Тем, что она увидела, тетя была явно недовольна, и от этого мне сделалось совсем стыдно.
Наконец, она спросила глухо:
- Ты что, не татарин, что ли?
- Татарин, - удивился я.
- Так тебе что, суннет не делали? - задала она странный, но, видимо, очень важный вопрос.
- А что это такое? - спросил я.
- Так, все с тобой ясно, - сказала Махрибан апа.
Что было ясно, я пока не понял, но спросить как-то постеснялся.
- Вот я приготовила тебе теплую воду, намылила мочалку. Я выхожу, а ты уж сам потри себе живот, ноги, ну и и эту штуку свою. Потом из этой шайки себе польешь. Воду не экономь. В сенях я тебе положила на лавку чистое белье. Майку-трусики.
И она ушла. А утром она сказала.
- Сегодня у тебя праздник. Сначала я поведу тебя к суннет-бабаю.
Я еще подумал, какое странное имя. Идти оказалось недалеко. Через два дома на лавочке сидел - тогда я подумал, что это старик - сидел мужчина в тренировочных штанах и голубой майке. И в фетровой шляпе. С важным видом читал газету "Правда".
- Абдурахман абзый, салям алейкум!
Хозяин дома не спеша сложил газету, поздоровался и пригласил к себе во двор. Тетя очень быстро попрощалась, побежала по делам, а я остался. Старик же, оказывается, тоже не бездельничал. Весь стол во дворе был завален свежесрубленным камышом.
- Так! Как зовут? Сколько лет? - начал расспросы хозяин. Сам же разбирал и нарезал камыши.
- Десять уже.
- Ох-хох-хо! Поздновато пришел. Все-то у вас, у городских, через одно место. Не как у людей!
Тут и я спросил.
- А что вы будете делать из этих камышей - дудочки?
Это мое предположение очень развеселило хозяина дома.
- Сейчас, сейчас мы тебе очень правильную дудочку смастерим.

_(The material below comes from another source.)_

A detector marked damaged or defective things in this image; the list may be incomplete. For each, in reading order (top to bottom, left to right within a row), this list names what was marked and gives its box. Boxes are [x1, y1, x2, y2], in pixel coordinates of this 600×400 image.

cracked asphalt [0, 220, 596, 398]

С этими словами он рассек стебель камыша. Один конец его стал тонким и острым. Я еще подумал, что длинноватая дудочка получается.
Абдурахман абзый как будто прочитал мои мысли и ловким ударом отсек большую часть стебля, отчего, впрочем, дудочка стала, даже наоборот, даже слишком короткая. Наверное, это специальная детская дудочка, - подумал я. А дед вдруг подсел передо мной на корточки и стал стаскивать с меня штаны.

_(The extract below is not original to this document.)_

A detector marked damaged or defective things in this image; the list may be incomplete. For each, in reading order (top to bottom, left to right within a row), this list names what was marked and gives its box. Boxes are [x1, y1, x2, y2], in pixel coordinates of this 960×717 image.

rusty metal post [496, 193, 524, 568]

- Ой! Это вы зачем? - схватился за штаны я.
- Не бойся, - засмеялся он. - Я татарский врач. Сейчас проверим, все ли у тебя там, как у татар положено.
И я красный от стыда, но ничего не понимающий, смотрел, как он, сняв с меня трусы, что-то там изучал, а потом вдруг без предупреждения пырнул меня этой самой дудочкой, да так, что я резко дернулся в испуге.

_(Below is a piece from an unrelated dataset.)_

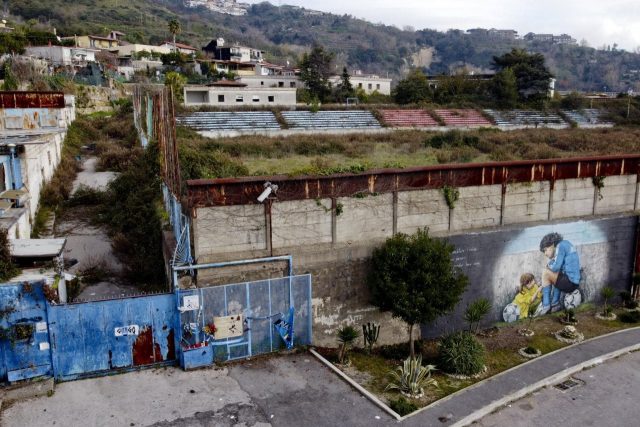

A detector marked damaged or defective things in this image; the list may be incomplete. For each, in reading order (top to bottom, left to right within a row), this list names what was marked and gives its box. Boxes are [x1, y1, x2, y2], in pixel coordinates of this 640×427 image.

rusted gate panel [0, 92, 64, 108]
rusted gate panel [186, 155, 640, 208]
rusted gate panel [46, 294, 178, 382]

- Да стой ты, шайтан! - закричал он в раздражении.
И тут мне стало очень больно и очень холодно. Я нагнул голову и увидел, что там внизу всё заливает кровью. Густой-густой кровью. Темно-темно красной кровью. Заливает очень быстро. Как будто я красный фартук надел. Дышу изо всех сил. И холодно очень. Как-то резко затошнило, голова закружилась. И тогда Абдурахман абзый весь побледнел, начал что-то говорить, но я его совсем не слышал. Почему-то. И я начал валиться со скамейки. А он подхватил меня на руки и так как есть, со спущенными штанами и трусами, понес - бегом побежал по улице к дому моей тёти. А там были только девчонки. Они играли перед домом на нашем участке. Увидели меня кровавого и замерли в ужасе. Младшую дед отослал за тетей, а старшей велел побыстрее найти чистые белые тряпки. Меня положили на кровать, и бабай начал макать тряпицу в холодную воду и осторожно обтирать ею кровь. На самом деле, я и боли так не боялся, как вида крови. И все было бы ничего, но кровавые тряпки дед развесил зачем-то на спинку кровати. Проследив, как я с ужасом на них гляжу, бабай сгреб использованные тряпки и пошел их выкидывать. А на его место тут же проскочила Розочка. По его примеру она стала макать белые тряпки в воду и аккуратно протирать мою рану. Протирала открыв рот, даже язык немного высунула от усердия. Мне было и не больно уже, хотя конечно очень щипало, но голова кружилась от вида и запаха крови, но главное - мне было теперь ужасно стыдно и неловко, что до меня там дотрагивается, что все это видит девочка. Вот потом еще сестре расскажет, и обе смеяться надо мной будут. Роза же просто очень жалела меня, и на глазах ее были слезы. Она искренне верила, что, если убрать все кровавые подтеки, с ними вместе уберется и боль.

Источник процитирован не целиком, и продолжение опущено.